Tuesday, May 11, 2010

Momentary Mentors

I've long admired Gwen Moritz, Editor of Arkansas Business. I think she is an extremely savvy business woman, an excellent journalist, and an all around neat woman.

I'd sent Gwen about a million press releases over the years, but never had the chance to meet her in person until late last year at a reception. I sent her an email after the event to let her know I was glad to have the chance to speak to her in person, and a back and forth of emails and facebooking began from there.

I posted to my facebook this week about my first solo outing, to The Rep. I'd never gone anywhere by myself, ever, until this weekend. I found it liberating, and met some really cool old ladies that I wouldn't have otherwise met.

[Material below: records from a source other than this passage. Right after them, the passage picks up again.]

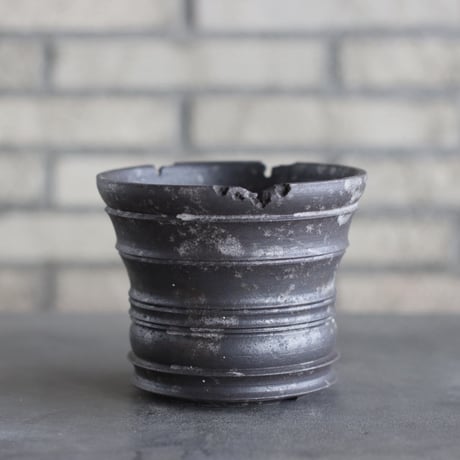 TAKERO POT｜黒錆 (4.5号) no.1025-48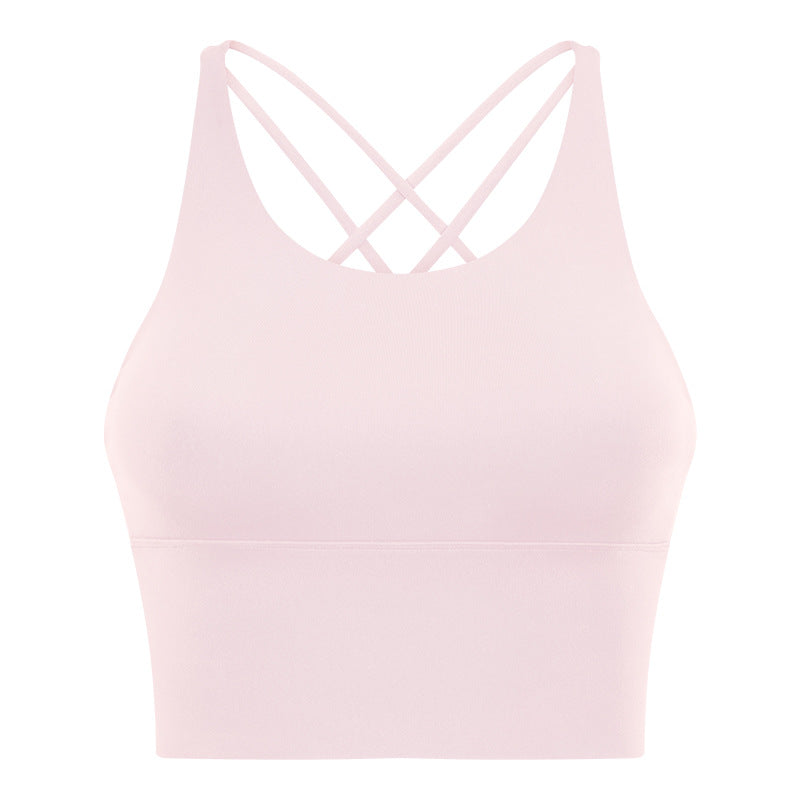 634-1# A Women Yoga Bra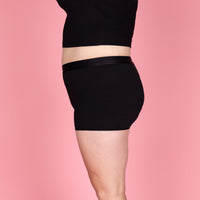 NIKKI Boxershort Schwarz - MOI ET MARIE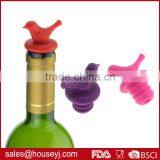 Little Bird Wine Bottle Stopper Silicon Bottle Stopper thumbnail-2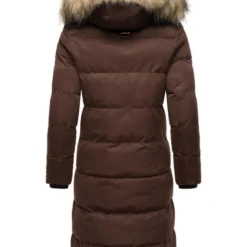 Marikoo Damen Wintermantel - Schneesternchen -Günstiges Marikoo Geschäft Damen Wintermantel Schneesternchen pdstandard bust 565109 0010 bustfront 3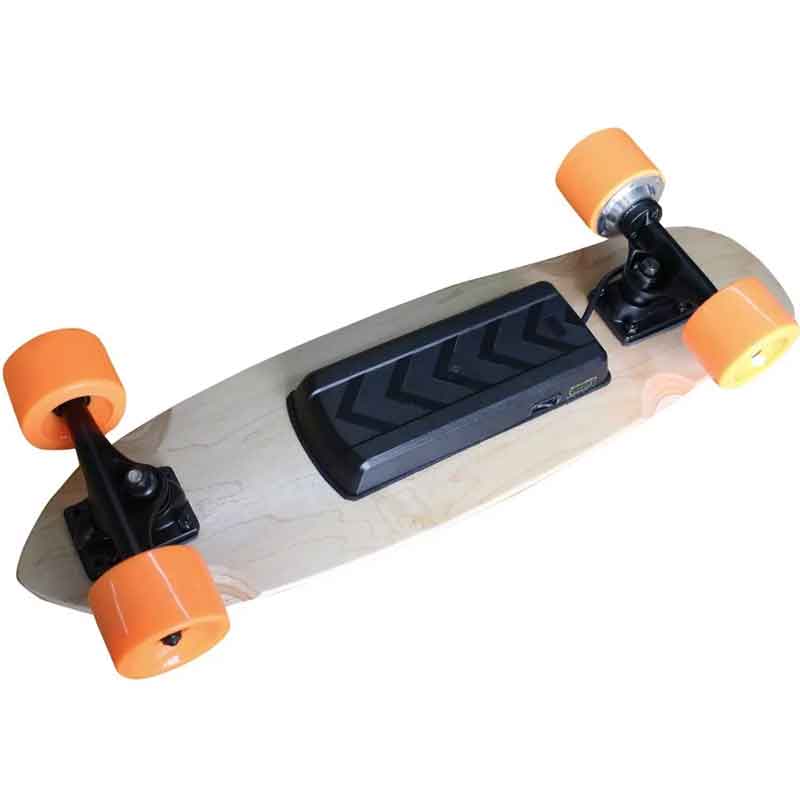 Patineta Electrica Blackpcs M302m-gy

A friend of mine commented on my post, saying that she's been trying to muster up the courage to see an afternoon movie solo, but she hasn't yet found the chutzpah to do so.

Gwen was very saddened by this, and she sent me a message telling me so. She said that we should never, ever not do something we want to do just because we don't have someone to do it with us. And she's right. Life is too short to miss even a single opportunity to grow, to learn, and to experience. She went on to explain that as a married mother, she rarely has opportunities be alone these days, and she cherishes the time that she does have to herself. Very valid point, one I appreciated.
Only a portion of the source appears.